S4TF

Implementations of machine learning algorithms in Swift for Swift for TensorFlow (GSoC 2019)

View the Project on GitHub vantony1/S4TF

Summary of work done during GSoC 2019

https://github.com/param087/swiftML

Final Report

During the summer 2019 Google Summer of Code, I worked with another GSoC participant P.Bhavasar to implement standard machine learning algorithms in swift for S4TF.

I implemented the following algorithms:

- Decision Tree
- AdaBoost Classifier
- Gradient Boost Regressor
- Random Forest 
- XGBoost 
  (wrapper for the XGBoost library in Python)
- Support Vector Machine 
  (wrapper for libSVM library in C)

This is the link to my personal repo where I host all the work I have done: https://github.com/vantony1/S4TF

Flow of Progres

I started by working on the base decision tree algorithm; I used various academic books to further my understanding of decision trees and then implemented them to support growing trees with both info gain and gini impurity; Then, I implemented AdaBoost for Classification and Gradient Boost for Regression. Then, I moved on to implement Random Forest for both classification and regression problems.

I started implementing SVM from scratch however found that the mathematics and the implementation very complicated; I was adviced to connect external libraries taking advantage of Swift language interoperability. That is exactly what I did to implement SVM through wrapping libSVM in swift. I had to edit a bit of the C code to make the connection work but 99% of the C code is as original.

Lastly, I wrapped XGBoost library in swift to be used in S4TF.

I was documenting the code as I went along, however, I still had to go through and make sure the documentation was perfect in the end. I also made sure to follow the Google Swift Style guide.

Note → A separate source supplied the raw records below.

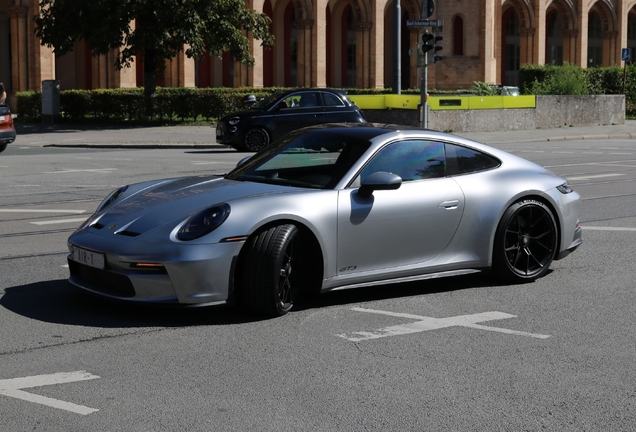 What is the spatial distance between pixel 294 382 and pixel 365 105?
26871 mm

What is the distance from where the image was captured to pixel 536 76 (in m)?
40.0

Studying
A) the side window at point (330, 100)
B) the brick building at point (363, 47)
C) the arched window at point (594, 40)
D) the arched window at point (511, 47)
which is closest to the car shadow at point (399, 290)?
the side window at point (330, 100)

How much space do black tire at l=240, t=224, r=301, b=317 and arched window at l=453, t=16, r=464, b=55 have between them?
176 feet

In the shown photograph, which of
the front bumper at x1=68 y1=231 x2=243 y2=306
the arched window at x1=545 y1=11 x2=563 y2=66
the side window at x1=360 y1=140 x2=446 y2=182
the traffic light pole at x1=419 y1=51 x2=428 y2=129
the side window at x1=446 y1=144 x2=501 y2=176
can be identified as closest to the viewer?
the front bumper at x1=68 y1=231 x2=243 y2=306

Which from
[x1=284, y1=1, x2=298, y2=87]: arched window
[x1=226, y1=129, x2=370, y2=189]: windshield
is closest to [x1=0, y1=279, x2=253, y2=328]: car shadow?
[x1=226, y1=129, x2=370, y2=189]: windshield

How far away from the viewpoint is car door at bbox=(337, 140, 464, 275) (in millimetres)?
7152

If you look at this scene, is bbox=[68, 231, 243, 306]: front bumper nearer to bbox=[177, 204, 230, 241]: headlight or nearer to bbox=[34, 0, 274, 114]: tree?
bbox=[177, 204, 230, 241]: headlight

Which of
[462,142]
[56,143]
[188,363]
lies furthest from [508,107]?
[188,363]

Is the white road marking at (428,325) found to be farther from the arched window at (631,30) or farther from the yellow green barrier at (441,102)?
the arched window at (631,30)

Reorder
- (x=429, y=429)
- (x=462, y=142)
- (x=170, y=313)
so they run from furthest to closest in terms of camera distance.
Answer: (x=462, y=142) → (x=170, y=313) → (x=429, y=429)

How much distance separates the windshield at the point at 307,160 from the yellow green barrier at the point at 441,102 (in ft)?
75.1

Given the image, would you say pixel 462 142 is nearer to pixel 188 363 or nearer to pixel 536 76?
pixel 188 363

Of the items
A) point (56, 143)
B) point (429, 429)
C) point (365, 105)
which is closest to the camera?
point (429, 429)

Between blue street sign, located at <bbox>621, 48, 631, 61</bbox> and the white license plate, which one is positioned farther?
blue street sign, located at <bbox>621, 48, 631, 61</bbox> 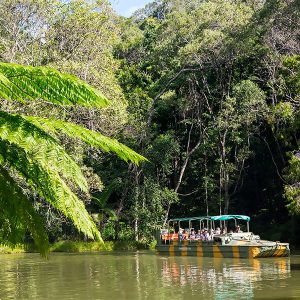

I also made example end-to-end notebook for each of my algorithm implementations. They show you exactly how to use the library.

Work still to be done

  1. the XGBoost library is very extensive; Currently, the wrapper is very basic and only support a small part of the wide functionality offered by the python library. I hope to continue working on expanding this functionality.
  2. Merging SVM and XGBoost into the SwiftML master on param087’s master branch was halted by Travis CI due to an unknown error; The algorithms themselves are working and have tested. This is probably a very niche issue and we will get it sorted out ASAP

Final Thoughts

I learned a lot and grew as a student and programmer through this experience. I am looking forward to continue maintaining and growing this library.